Eastern Marsh Harrier.

But since we were running out of water we had to return to the valley the next day, where we found a spring that supplied us not only with drinks but also with some nice birds: Gadwall, Eastern Marsh Harrier, Northern Lapwing, Marsh Sandpiper, Common Snipe, Japanese Quail, Citrine Wagtail as well as Richard´s Pipit and Pallas´s Grasshopper Warblers were most likely local breeders of the wet meadows, whereas Common Greenshanks and Green Sandpipers were probably early southbound migrants. The water of the spring flew into a smaller river, which fed a beautiful lake east of the city of Sukhbataar.

Whooper Swan family on a lake near Sukhbataar city.

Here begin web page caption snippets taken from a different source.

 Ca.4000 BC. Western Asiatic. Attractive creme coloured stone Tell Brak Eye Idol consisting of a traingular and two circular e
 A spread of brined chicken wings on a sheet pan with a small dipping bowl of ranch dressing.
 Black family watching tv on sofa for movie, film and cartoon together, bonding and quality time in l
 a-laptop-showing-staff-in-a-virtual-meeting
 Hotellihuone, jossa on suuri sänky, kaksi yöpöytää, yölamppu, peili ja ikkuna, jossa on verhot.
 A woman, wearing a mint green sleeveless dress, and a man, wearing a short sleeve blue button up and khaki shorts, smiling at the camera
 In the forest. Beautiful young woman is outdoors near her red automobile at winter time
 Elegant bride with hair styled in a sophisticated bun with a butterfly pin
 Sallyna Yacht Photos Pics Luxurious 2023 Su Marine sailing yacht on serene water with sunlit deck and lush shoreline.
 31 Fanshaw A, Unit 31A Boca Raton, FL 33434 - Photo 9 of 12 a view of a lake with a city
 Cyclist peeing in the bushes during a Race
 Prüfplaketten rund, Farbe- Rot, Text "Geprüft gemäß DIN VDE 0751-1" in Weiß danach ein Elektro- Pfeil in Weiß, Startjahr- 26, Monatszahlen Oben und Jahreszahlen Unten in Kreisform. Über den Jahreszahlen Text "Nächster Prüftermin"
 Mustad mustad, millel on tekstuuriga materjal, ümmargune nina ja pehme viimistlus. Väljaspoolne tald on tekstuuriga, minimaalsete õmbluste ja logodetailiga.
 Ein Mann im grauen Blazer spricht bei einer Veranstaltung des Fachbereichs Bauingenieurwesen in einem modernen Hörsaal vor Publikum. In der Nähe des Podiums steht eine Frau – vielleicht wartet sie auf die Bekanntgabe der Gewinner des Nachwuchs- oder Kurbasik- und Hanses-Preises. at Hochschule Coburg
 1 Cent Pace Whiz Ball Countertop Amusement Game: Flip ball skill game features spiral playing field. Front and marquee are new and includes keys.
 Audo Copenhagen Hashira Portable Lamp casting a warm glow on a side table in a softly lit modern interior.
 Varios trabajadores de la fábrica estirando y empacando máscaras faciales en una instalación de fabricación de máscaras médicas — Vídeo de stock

Pied Avocet and Black-headed Gull.

A fly-by of Ruddy Shelducks.

Dozens of Ruddy Shelducks already had big chicks, and Eurasian Coots as well as numerous ducks were present—including Northern Shoveler, Eurasian Teal, Tufted Duck, Common Pochard, three Ferruginous Ducks (!), a Smew and some Common Goldeneyes. In the reeds, where Oriental Reed Warblers were singing loudly, a family of Whooper Swans with five chicks was hiding. Pied Avocet and Spotted Redshank, most likely females on their way back to wintering grounds, were added to our list of waders. There was also a Black-headed Gull and several Black-necked Grebes which might have bred there as well. Some former lakes close by were dried out, covered by layer of salt. A pair of Little Ringed Plovers was warning, and Greater Short-toed Larks continued singing in the heat. Not far from this, we spotted a first family of Demoiselle Cranes—the night before, we already had heard them calling while they were flying over our tent. The two chicks immediately were hiding themselves on the ground when they spotted us.

Demoiselle Cranes close to Sukhbataar.

Cinereous Vulture.

Some Black-eared Kites and four Cinereous Vultures watched them from the sky. In the dry steppe vegetation around, Eurasian Skylark and Isabelline Wheatear were found to be the most common breeding birds. Along the road back to town Daurian Jackdaw fledglings were sitting on pylons and an Upland Buzzard was looking after Long-tailed Ground Squirrels. What a nice set of species in a beautiful landscape with friendly people in such a relaxed country! And indeed, (almost) no mosquito bites during five days—this really felt like holidays. The ultra-slow train ride along the Selenga River brought us not only back but even some more species— a second-year Golden Eagle in the mountains north of Sukhbataar and a Swan Goose on the river itself, already on the Russian side. Hope to visit Mongolia soon again!

Since I took only a compact camera with me, you will have to search for the birds on the pics!

July 3, 2016

“Gulling” the East

text and photos by ABu

Recently I returned from a gull ringing trip to the eastern part of Mongolia. Since I was leaving for the north of the country very soon after I just put together some "teasers" of a few of the non-gulls I saw. More on these will be reported on the blog later, so check again!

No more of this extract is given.